А египтяне, с такой тщательностью сохранившие свое прошлое в памяти, камне и иероглифах, что мы и теперь еще, через 4 тысячелетия можем точно установить дату правления их царей, – они также увековечивали и их тела, так что великие фараоны – символ жуткого величия – еще поныне сохраняют легко распознаваемые черты лица, покоясь в наших музеях; зато от царей дорической эпохи не сохранилось даже имен. Мы с точностью знаем даты рождения и смерти почти всех великих людей, начиная с эпохи Данте. Это нам представляется само собой понятным. Но в эпоху расцвета античной цивилизации, во времена Аристотеля, не могли с точностью сказать, существовал ли вообще Левкипп, современник Перикла, основавший не более как за столетие до этого атомистическую теорию. Этому бы соответствовало в нашем случае, если бы мы были не вполне уверены в существовании Джордано Бруно, а Ренессанс уже совсем отходил бы в область предании.

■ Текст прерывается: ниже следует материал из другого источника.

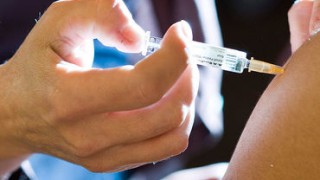 Câți bani alocă Guvernul pentru vaccinarea populației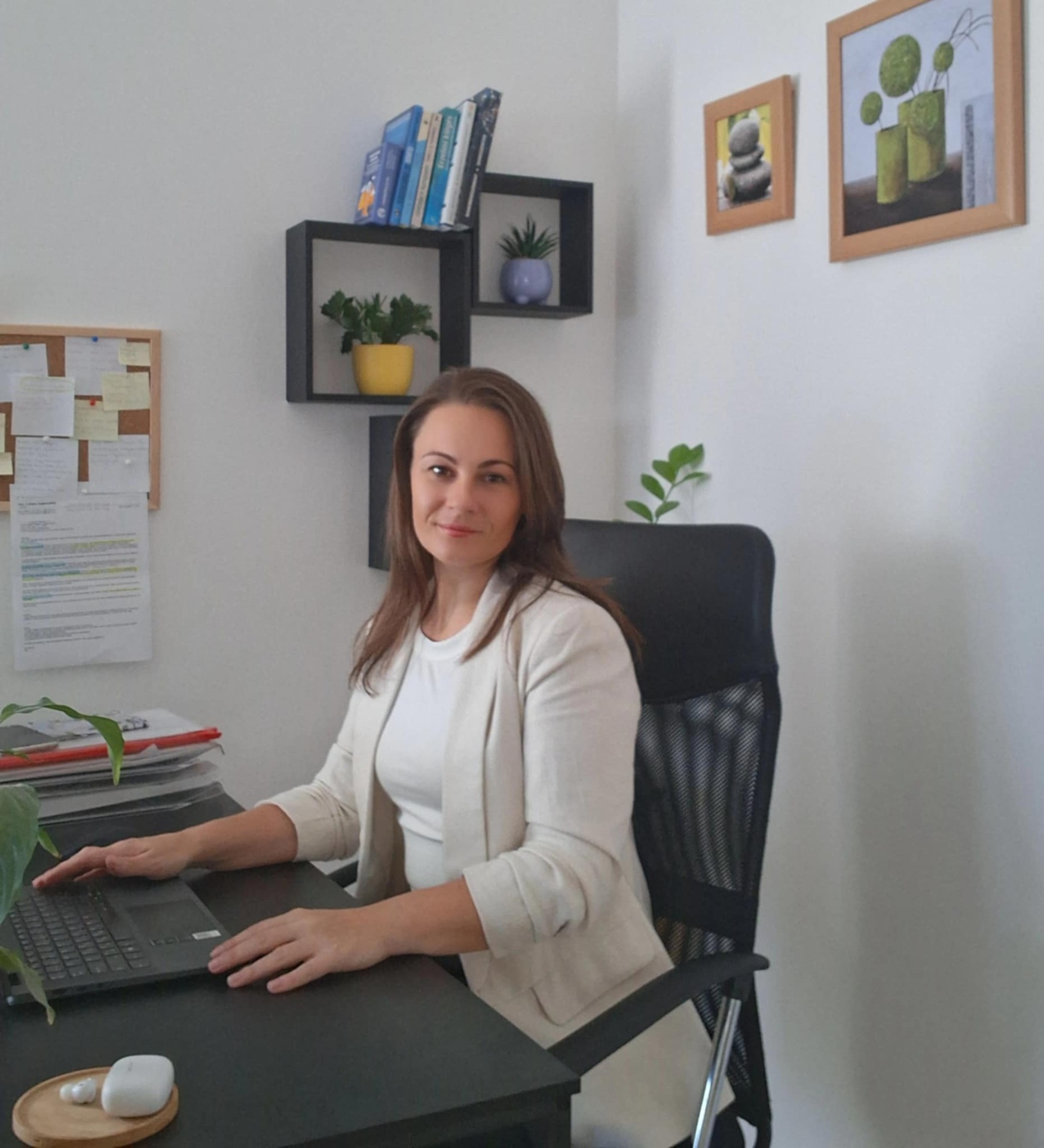 Szatmári Nóra-Virtuális Asszisztens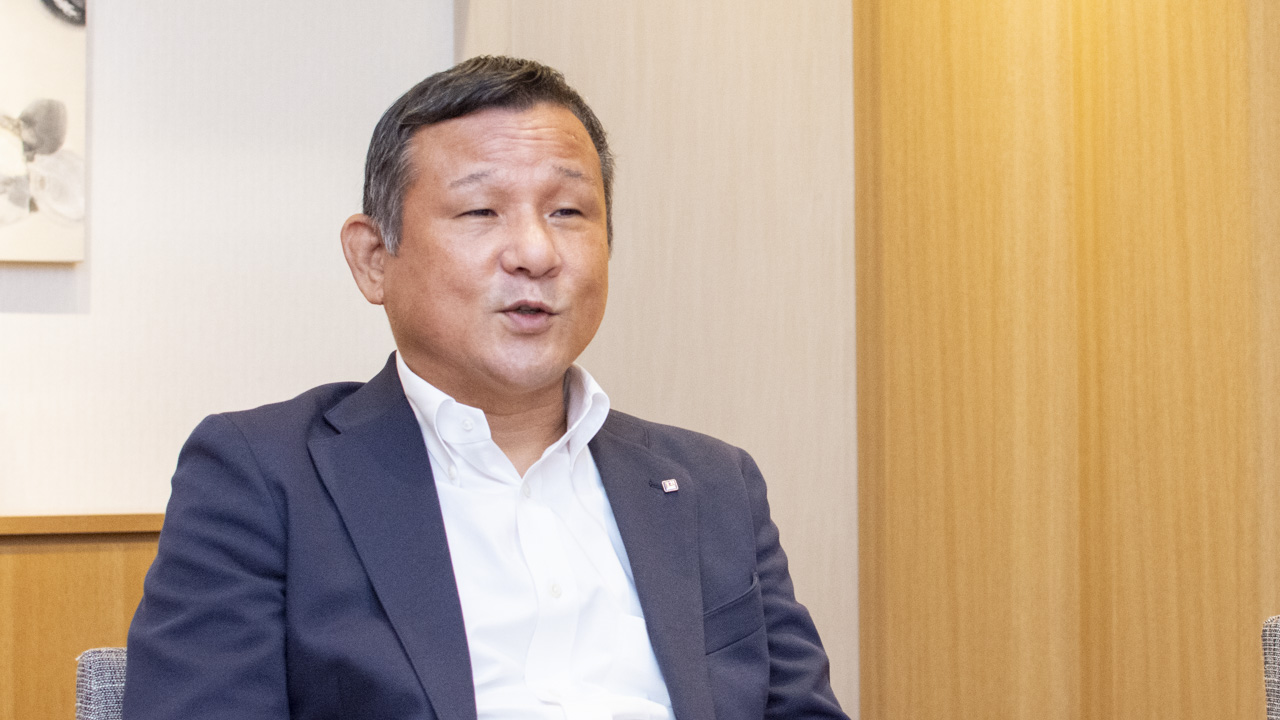株式会社レオパレス21 総務購買部 上野善隆 部長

А наши музеи, куда мы сносим всю совокупность ставшего чувственно-телесным прошлого! Разве и они не являются первостепенным символом? Разве их назначение не сохранить, наподобие мумий, «тело» всей культурной истории? Разве мы не собираем как бесчисленные даты в миллиардах напечатанных книг, так и все создания всех мертвых культур в сотнях тысяч западноевропейских городов, где в общей массе собранного каждый отдельный предмет совершенно отвлечен от мимолетного мгновения своей настоящей цели – единственно святого с точки зрения античности – и равномерно растворен в бесконечной подвижности времени? Вспомним, что понимали эллины под словом «мусейон», и какой глубокий смысл лежит в этом изменении словоупотребления.
14
Физиогномию западной культурной истории, равно как и египетской и китайской, характеризует основное чувство за- боты и она же создает формы символики эротического, в ко- тором отражаются отношения современного человека к будущим поколениям. И здесь точкообразное эвклидовское существование античности ощущало чисто телесно. Поэтому-то в центре культа Деметры оно помещало страдания роженицы, и вообще вносило в античный мир символ фаллоса, знак посвященного исключительно настоящей минуте и забывающего о прошлом и будущем пола. Человек чувствовал себя как природа, как растение, как животное, безвольно преданным во власть становления. Домашний культ был посвящен «гению», т. е. производительной силе главы семейства. Наша глубокая и вдумчивая заботливость противопоставила этому в западном культе знак матери, держащей у груди дитя – будущее. Культ Марии в этом новом фаустовском смысле расцвел только во времена готики. Его высочайшее воплощение – это Сикстинская Мадонна Рафаэля. Это не общехристианское, так как магически-восточное христианство возвело Марию, как Богоматерь, в совершенно по-иному воспринимаемый магически- метафизический символ. Кормящая грудью мать столь же чужда арабскому (византийско-лангобардскому) искусству, сколько и эллинскому; эта чисто человеческий символ заботливости, и, конечно, Гретхен в «Фаусте» со своим глубоким очарованием бессознательного материнства ближе к готической Мадонне, чем к Марии византийских и равеннских мозаик.